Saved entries
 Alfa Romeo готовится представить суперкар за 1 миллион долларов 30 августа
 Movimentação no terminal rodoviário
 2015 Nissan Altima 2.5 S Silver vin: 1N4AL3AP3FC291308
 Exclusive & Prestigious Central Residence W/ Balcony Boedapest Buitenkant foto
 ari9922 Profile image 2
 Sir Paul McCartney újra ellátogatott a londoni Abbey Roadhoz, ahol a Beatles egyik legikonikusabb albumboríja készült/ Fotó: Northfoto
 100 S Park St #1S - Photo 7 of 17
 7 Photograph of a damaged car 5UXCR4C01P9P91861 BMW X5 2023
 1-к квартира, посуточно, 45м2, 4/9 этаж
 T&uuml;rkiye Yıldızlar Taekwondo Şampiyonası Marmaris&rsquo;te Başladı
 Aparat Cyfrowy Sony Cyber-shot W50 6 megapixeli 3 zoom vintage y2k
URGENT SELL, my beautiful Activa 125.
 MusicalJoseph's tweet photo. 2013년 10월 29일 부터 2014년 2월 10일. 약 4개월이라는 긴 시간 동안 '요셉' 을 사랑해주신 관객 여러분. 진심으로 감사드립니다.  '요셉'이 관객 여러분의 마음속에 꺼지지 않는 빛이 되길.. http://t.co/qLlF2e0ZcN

**Task to carry out:** Produce an exact copy of the lines from the one containing "Exclusive & Prestigious" through the final line of the data, both ends included, and only those.

**Answer to this exercise:**
 Exclusive & Prestigious Central Residence W/ Balcony Boedapest Buitenkant foto
 ari9922 Profile image 2
 Sir Paul McCartney újra ellátogatott a londoni Abbey Roadhoz, ahol a Beatles egyik legikonikusabb albumboríja készült/ Fotó: Northfoto
 100 S Park St #1S - Photo 7 of 17
 7 Photograph of a damaged car 5UXCR4C01P9P91861 BMW X5 2023
 1-к квартира, посуточно, 45м2, 4/9 этаж
 T&uuml;rkiye Yıldızlar Taekwondo Şampiyonası Marmaris&rsquo;te Başladı
 Aparat Cyfrowy Sony Cyber-shot W50 6 megapixeli 3 zoom vintage y2k
URGENT SELL, my beautiful Activa 125.
 MusicalJoseph's tweet photo. 2013년 10월 29일 부터 2014년 2월 10일. 약 4개월이라는 긴 시간 동안 '요셉' 을 사랑해주신 관객 여러분. 진심으로 감사드립니다.  '요셉'이 관객 여러분의 마음속에 꺼지지 않는 빛이 되길.. http://t.co/qLlF2e0ZcN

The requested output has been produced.